** Opening DATA SECTION block **
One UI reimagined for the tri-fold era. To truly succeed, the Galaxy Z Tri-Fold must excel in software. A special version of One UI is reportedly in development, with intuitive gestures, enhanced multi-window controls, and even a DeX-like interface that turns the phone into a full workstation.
** Closing DATA SECTION block **
** Opening DATA SECTION block **
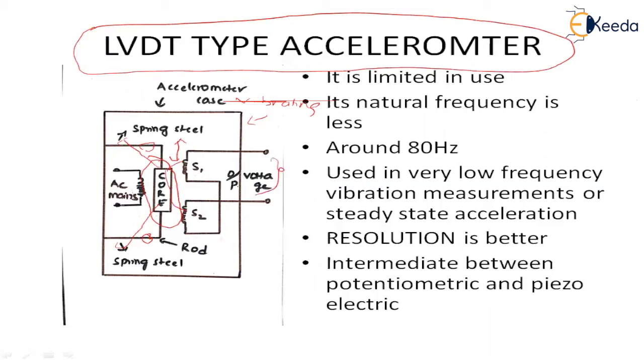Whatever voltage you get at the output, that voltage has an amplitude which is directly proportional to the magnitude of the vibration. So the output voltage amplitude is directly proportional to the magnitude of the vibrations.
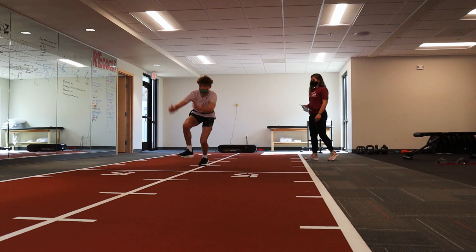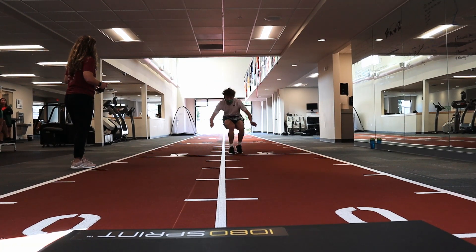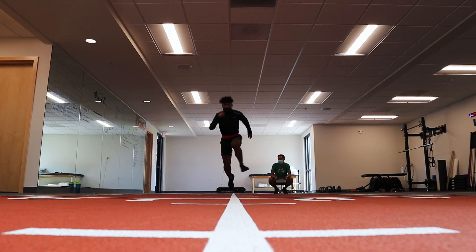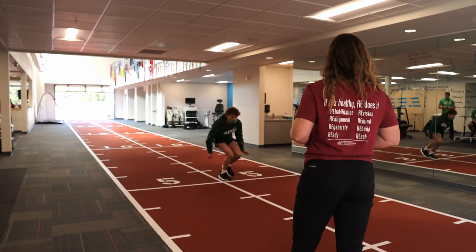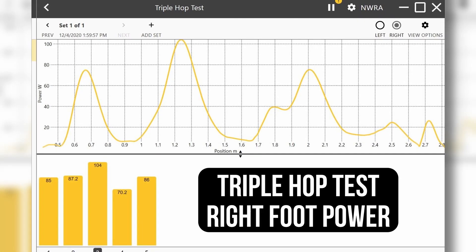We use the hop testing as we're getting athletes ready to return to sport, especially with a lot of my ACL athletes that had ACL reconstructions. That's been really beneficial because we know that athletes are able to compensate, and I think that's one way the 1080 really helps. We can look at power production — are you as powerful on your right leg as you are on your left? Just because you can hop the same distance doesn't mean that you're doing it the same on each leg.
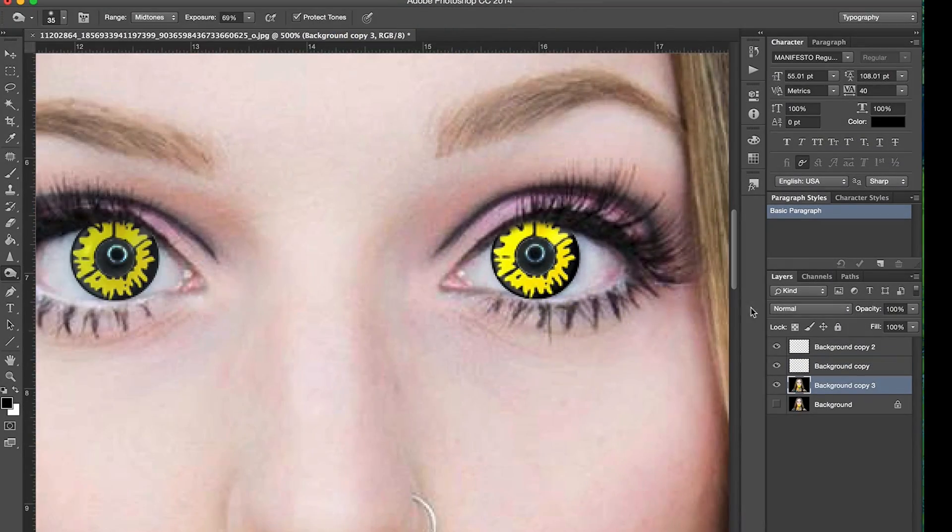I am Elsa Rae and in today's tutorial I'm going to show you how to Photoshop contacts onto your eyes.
** Closing DATA SECTION block **
** Opening DATA SECTION block **
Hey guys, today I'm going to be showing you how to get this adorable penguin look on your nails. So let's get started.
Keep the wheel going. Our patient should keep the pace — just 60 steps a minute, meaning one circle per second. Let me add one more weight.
** Closing DATA SECTION block **
Reprint exactly the lines above that start at the one with "Hey guys, today" and end at the one with "Keep the wheel", keeping both and adding none.

Hey guys, today I'm going to be showing you how to get this adorable penguin look on your nails. So let's get started.
Keep the wheel going. Our patient should keep the pace — just 60 steps a minute, meaning one circle per second. Let me add one more weight.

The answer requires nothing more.